In Denning v Greenhalgh Financial Services Ltd, GFS, an independent financial advisor, successfully struck out the claim advanced by its client that it was in breach of its professional duty of care (in contract and/or tort) in that it had not conducted a detailed review of pension transfer advice given to the claimant by unrelated advisors eight years earlier. Denning alleged that GFS had breached its duty by failing to conclude that the earlier advice was defective, by not advising the claimant to pursue a complaint or claim against the first advisors, and by not advising on the applicable limitation periods.

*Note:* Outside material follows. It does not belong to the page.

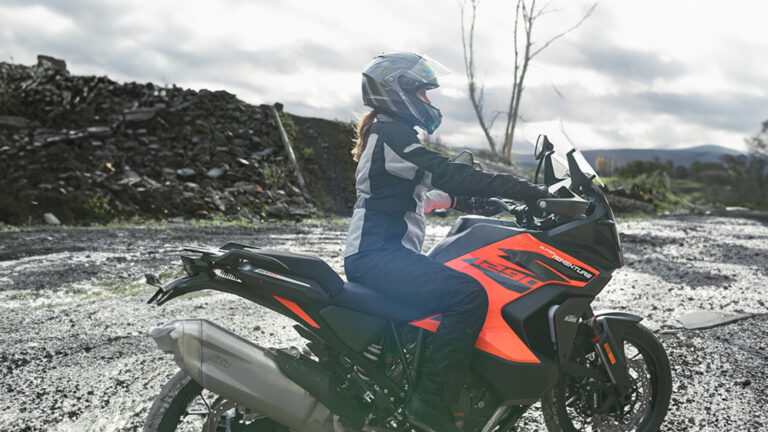 conductrice habillé d'équipement de protection sur moto orange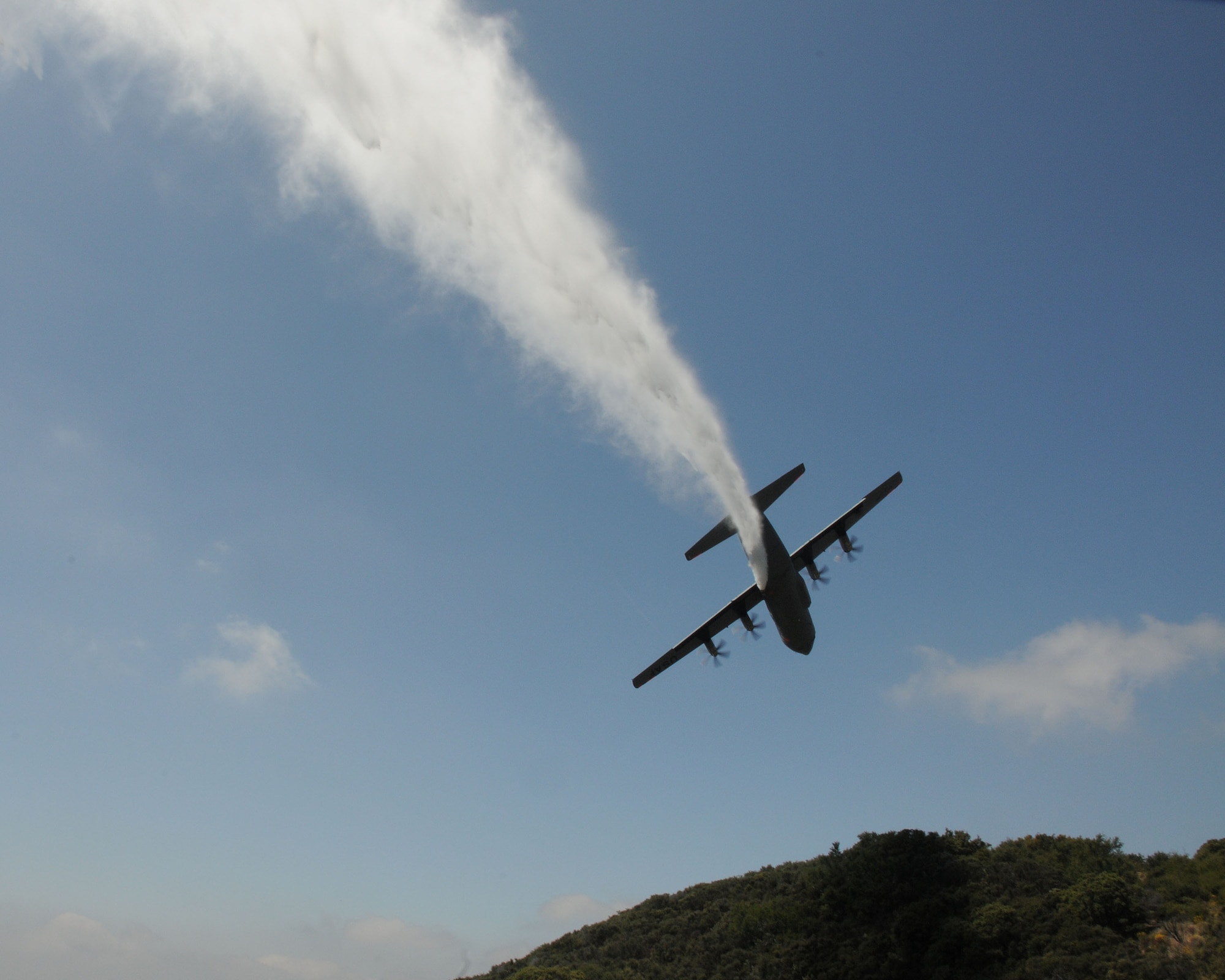 A C-130J from the 146th Airlift Wing, California Air National Guard, drops water over the Angeles Forest during Modular Airborne Firefighting System (MAFFS) training held June 7, 2011. The aircrews follow a U.S. Forest Service lead plane and demonstrate proficiency by dropping over a designated area. (Photo by Master Sgt. Dave Buttner)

In August 2000 Denning obtained advice from a financial advisor regarding the transfer of deferred benefits from his final salary scheme to a personal pension plan; the “critical yield” was explained as the most important aspect when deciding whether a transfer was likely to produce a higher pension on retirement than the preserved benefits under the final salary scheme. A transfer was carried out, and over the next few years, the financial advisor kept Denning updated on the performance of his personal pension. The pension was not achieving the required critical yield, and in 2007 a second transfer was made to an unsecured income plan. In 2008, Denning made a complaint to his financial advisor regarding the second transfer, and in 2009 Denning referred this complaint to FOS. Only at the end of 2010 did Denning raise concerns with FOS about the advice provided by his financial advisor in relation to the first transfer. The complaint relating to the first transfer fell outside FOS’ jurisdiction, the complaint being raised more than six years after both the transfer and the advice complained of; Denning knew or ought to have known that he had cause for complaint by May 2006 at the latest. FOS upheld the complaint about the second transfer in that it was unsuitable, but rejected it on the basis that there was no loss, so it was inappropriate to make any award.

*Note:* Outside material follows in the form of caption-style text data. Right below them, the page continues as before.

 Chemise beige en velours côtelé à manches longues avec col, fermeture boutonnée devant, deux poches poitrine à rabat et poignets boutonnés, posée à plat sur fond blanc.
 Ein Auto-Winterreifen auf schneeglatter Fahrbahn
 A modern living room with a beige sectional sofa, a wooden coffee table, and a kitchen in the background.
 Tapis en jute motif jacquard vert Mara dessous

Denning issued proceedings against GFS in December 2014 on the basis that GFS had failed to review the advice of the first financial advisor and advise Denning of the potential complaint or claim relating to that transfer. GFS argued that it did not owe a duty of care to advise Denning on the merits of the first advisor’s advice.
Whilst reviewing the case law on when a professional can owe a duty to advise outside the scope of its retainer, Green J made clear that the starting point is that the extent of a professional’s duty will be determined by the terms and limits of the retainer. Green J distinguished the case from Credit Lyonnais SA v Russell Jones & Walker which establishes that a professional’s duty may extend beyond the scope of the retainer if, whilst performing the retainer, the professional comes across information which would lead any competent professional to advise upon a legal risk. Whilst Denning referred to the request for GFS to review his pension arrangements “generally”, arguing that such a term was broad enough in scope to have included advice and warnings on the earlier transfer, Green J was satisfied that GFS had not been under a duty to advise on the merits of that earlier advice and associated pension transfer.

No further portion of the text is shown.